Havia impérios governados por aristocratas e soberanos
despóticos e que estendiam o seu domínio por enormes áreas. E era de encontro a
esses grandes impérios que as expedições avançavam, porque era esse o seu
objectivo comercial e diplomático ou porque muito simplesmente eles se
encontravam e eram obstáculos aos seus caminhos projectados. Nas Lundas e
região do Cuando Cubango e suas fronteiras, dominavam os impérios do Imbangala,
Cassanje (Malanje) e a Mussumba,
(Lunda Norte). A Norte da Mussumba havia o império Cazembe e, a Sul, depois do
Zambeze, o império do Barotze. Nas Lundas
falava-se Quioco, Bieno, entre
outras línguas.
Os exploradores
que iremos acompanhar neste tema
foram de encontro às capitais dos principais impérios centro-africanos do séc.
XIX.
Em
1831, António Gamito, na tentativa
de ligar o Índico ao Atlântico, alcançou o Cazembe. Por esta altura, Silva Porto, o europeu que porventura
melhor conhecia os caminhos destas regiões de África, esteve várias vezes no
Barotze e em várias zonas do império
Lunda, cuja capital foi visitada por Rodrigues
Graça em 1846, e por Henrique de Carvalho em 1886/7.

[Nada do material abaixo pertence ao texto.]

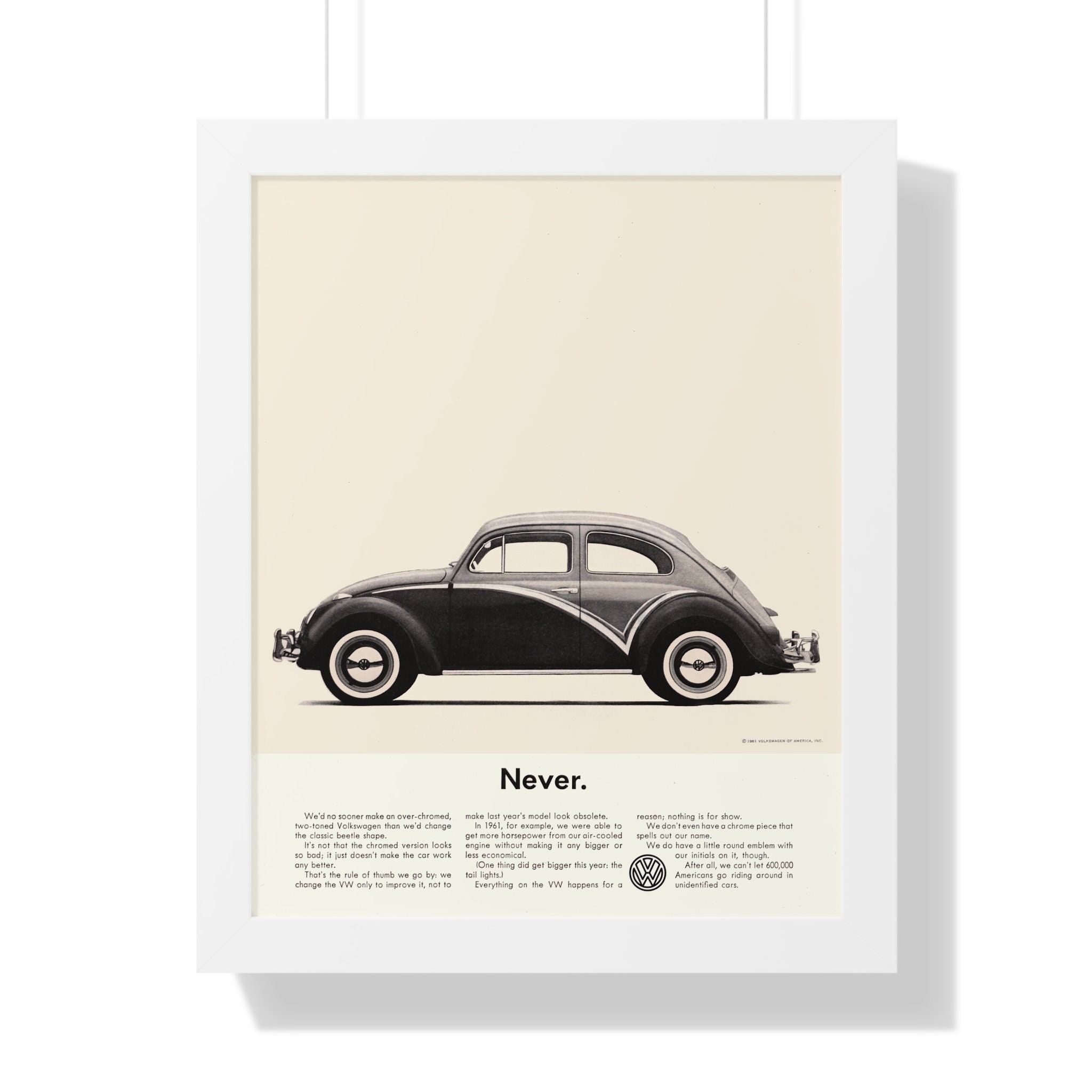 Volkswagen Beetle ポスター 1961 Volkswagen Beetle Never Printed Ad Framed Vertical Poster in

Em 4 de Maio de 1846, o explorador Rodrigues Graça parte
para a Lunda, mais propriamente, para o encontro com o Muatiânvua, rei da Mussumba.
Para
enriquecer politicamente a expedição auxiliou-se de D. Ana Joaquina dos Santos Silva, mulher mestiça de ascendência
portuguesa que soubera vingar num mundo de homens, nomeadamente ao enviuvar de um rico
comerciante português. A fama desta abastada proprietária impusera-se no sertão
oitocentista e já era fornecedora do Muatiânvua através dos aliados bângalas de
Cassanje.
Não era pois à toa
que a chamavam de Dembo, ou senhora dos matos.
O destino apontado
por este sertanejo seria a região das Mussumbas, entre os rios Luíza e Calânhi,
embora previsse passar além do reino do Muatiânvua e dar corpo ao lendário
desígnio de ligar Angola a Moçambique – ideia já tentada e preconizada por
António Gamito em 1831 na sua partida por Moçambique.
Traça
o trajecto a sul do Cuango evitando
os embargos do Jaga do Cassanje, sempre arvorado em senhor dessas fronteiras.

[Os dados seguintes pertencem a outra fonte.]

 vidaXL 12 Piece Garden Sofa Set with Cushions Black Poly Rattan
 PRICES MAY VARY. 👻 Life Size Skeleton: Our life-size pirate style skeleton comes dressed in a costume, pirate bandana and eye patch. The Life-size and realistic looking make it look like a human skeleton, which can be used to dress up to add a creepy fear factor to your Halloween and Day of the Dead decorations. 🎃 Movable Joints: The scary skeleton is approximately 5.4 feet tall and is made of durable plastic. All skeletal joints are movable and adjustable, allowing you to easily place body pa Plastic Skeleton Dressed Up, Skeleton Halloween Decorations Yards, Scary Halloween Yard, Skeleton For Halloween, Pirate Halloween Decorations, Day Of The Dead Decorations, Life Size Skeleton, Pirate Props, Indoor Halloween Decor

aos seus homens, municiados com mais de quinhentos bacamartes e pistolas, que largassem as cargas e formassem três pelotões para cercar Cajanga. Assim conseguiu prosseguir caminho sem necessidade de luta porque o régulo e sua comitiva ficaram intimidados.
Nesta altura, Rodrigues Graça avistou as margens do Cassai na sua trajectória nascente, rumo a leste, julgando tratar-se de um afluente do Zambeze. Desconhecia ainda que este rio descia depois a norte, a cortar a Lunda, para desaguar finalmente no grande Congo
Encontrava-se na
terra dos Quiocos, povo irmão dos Lundas
e empurrados para Sul, subjugados.
Pelo
começo de Setembro de 1846, a expedição de Rodrigues Graça passou o rio Luiza e
cumpriu trezentas léguas de viagem desde o Bié. Nesta ocasião, avistou pela
primeira vez o régulo, imperador Muatiânvua – aquele a quem chamavam de Noeji, de mediana estatura, mais
delgado que robusto, lábios grossos, nariz chato, rosto comprido, cor retinta,
calvo, mas usando peruca.
E
assim se apresentou Rodrigues Graça ao rei da Lunda, Muatiânvua da Mussumba:
“Muatiânvua, perante vós me
apresento como enviado extraordinário de Portugal (Muene Puto), como
embaixador, para comunicar-vos que são veementes desejos do seu governador em
Angola abrir comunicações com o vosso Estado. A fama de vosso nome, bem como de
vossas acções, há muito têm chegado aos ouvidos de Sua Majestade. Eu sou o
órgão por cuja voz o meu governo vos deseja conhecer melhor”.
Em
Janeiro de 1848, Rodrigues Graça regressa a Cassanje. Antes deste sertanejo,
outros de Angola chegaram à região das Mussumbas para fazer negócio na corte do
Muatiânvua, mas foi ele o primeiro português, aliás o primeiro europeu, que
dela deixou um relato escrito.
Silva Porto
conseguiu ao longo do tempo construir no Bié,
em pleno planalto central
de Angola, um pequeno empório, movimentando muitas
mercadorias, muita mão-de-obra e, também, armas para defesa das suas caravanas.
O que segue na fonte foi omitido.